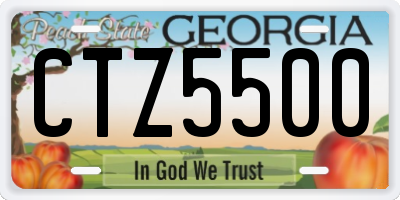 GA license plate CTZ5500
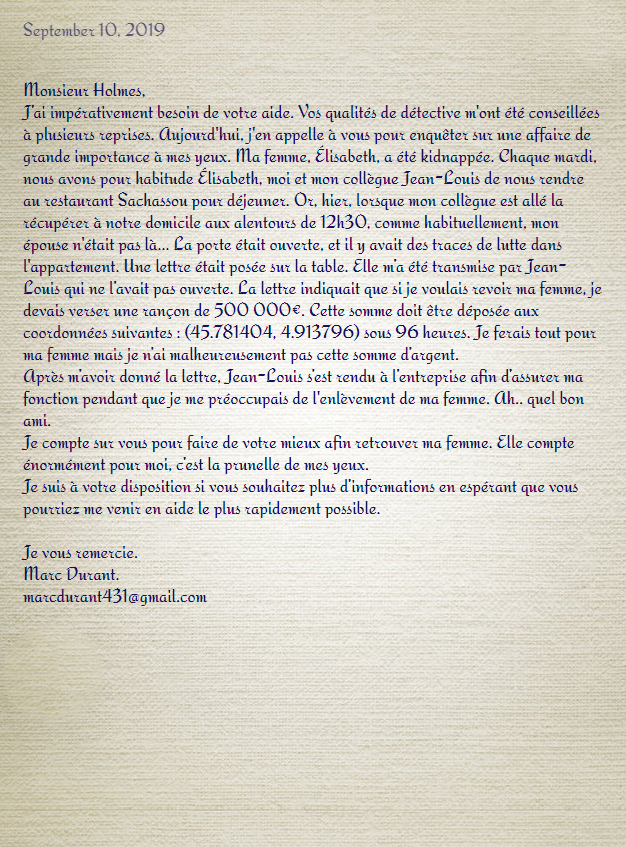 lettre de Marc Durant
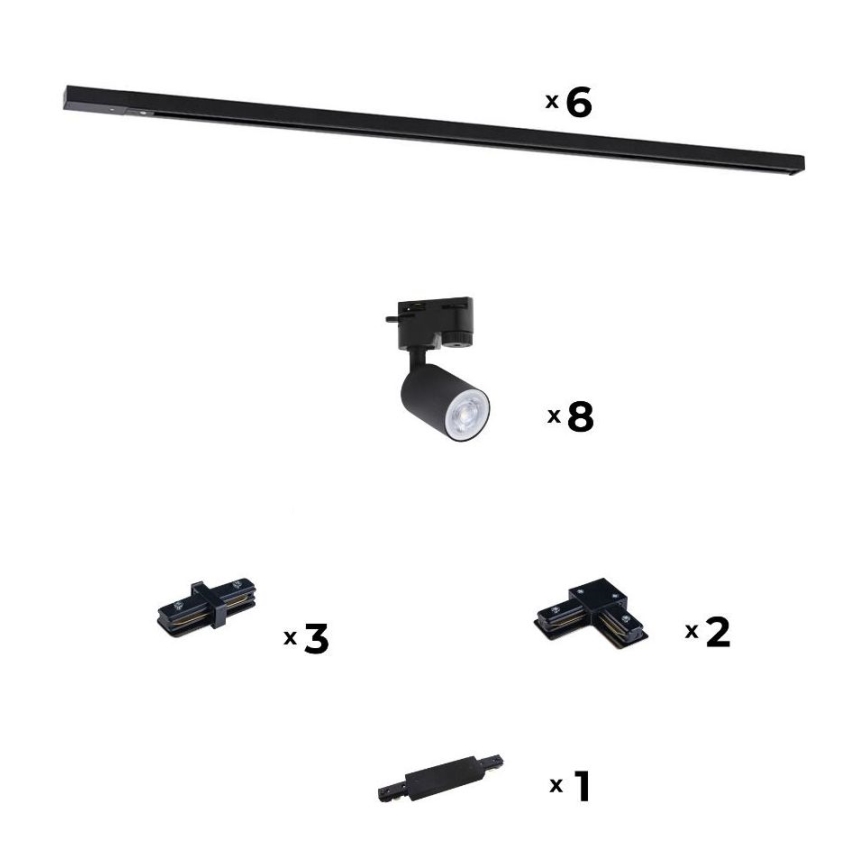 Zuma Line - Spotlight for rail system 8xGU10/10W/230V black + rail accessories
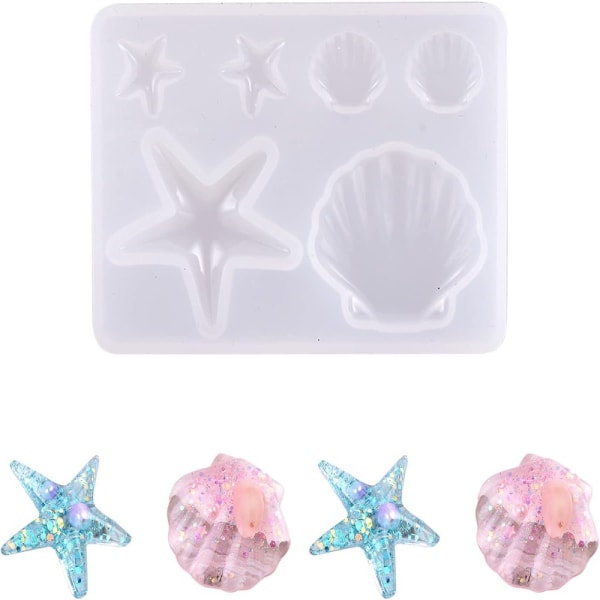 5 st Starfish Shell Smycken Silikon Molds Seashell Silikon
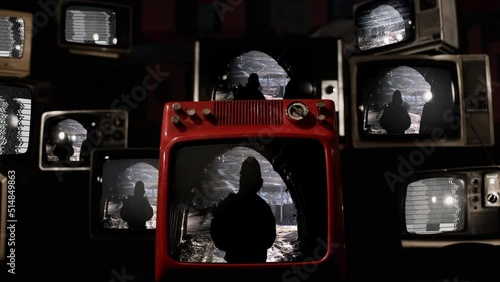 Silhouette of Miners leaving the Coal Mine and Vintage Televisions. 4K Resolution.
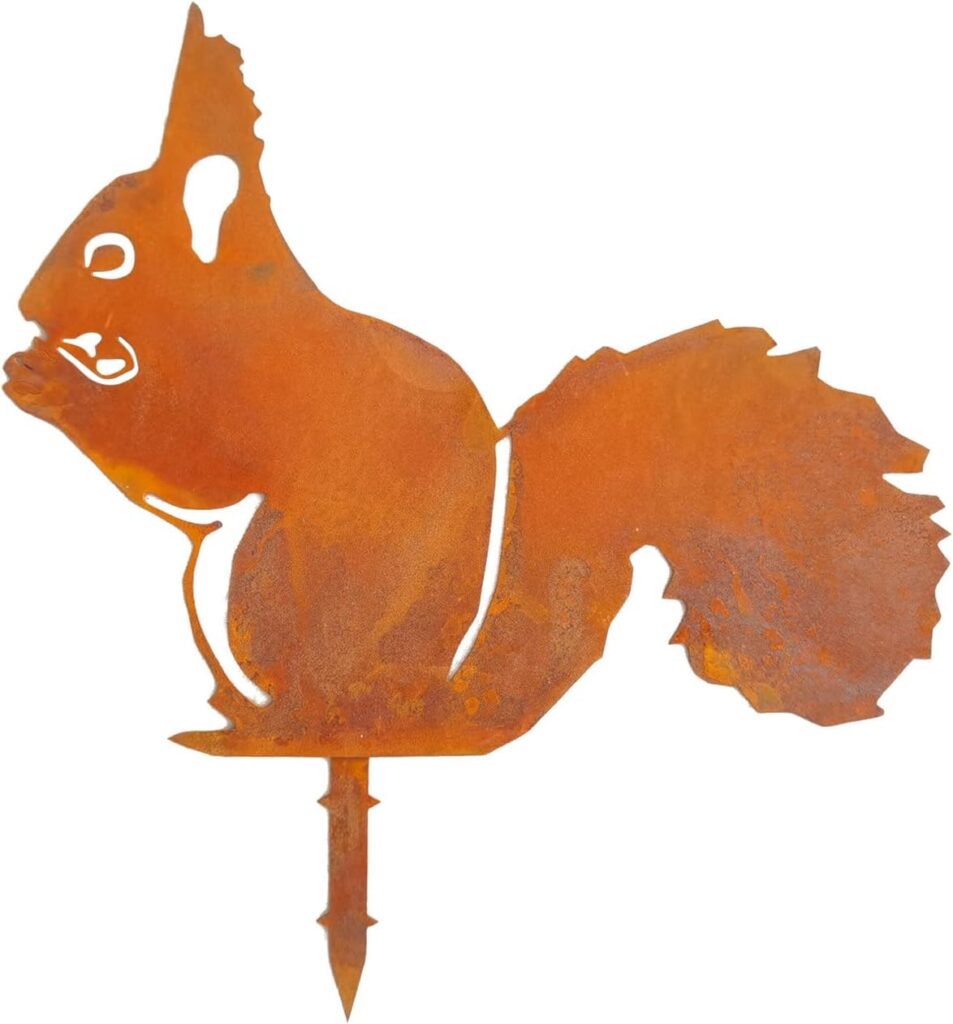 Garden Decoration Rusty Animal Garden Metal Yard Art Corten Steel Outdoor Decor Squirrel Yard Decor Handmade Decor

▶ **THE TASK**: Pictures stay out of this copy. Retype exactly the lines from the one with "lettre de Marc Durant" through the last line of the data, both ends included, and nothing more.

▶ **SOLUTION TO THIS PROBLEM**:
 lettre de Marc Durant
 Zuma Line - Spotlight for rail system 8xGU10/10W/230V black + rail accessories
 5 st Starfish Shell Smycken Silikon Molds Seashell Silikon
 Silhouette of Miners leaving the Coal Mine and Vintage Televisions. 4K Resolution.
 Garden Decoration Rusty Animal Garden Metal Yard Art Corten Steel Outdoor Decor Squirrel Yard Decor Handmade Decor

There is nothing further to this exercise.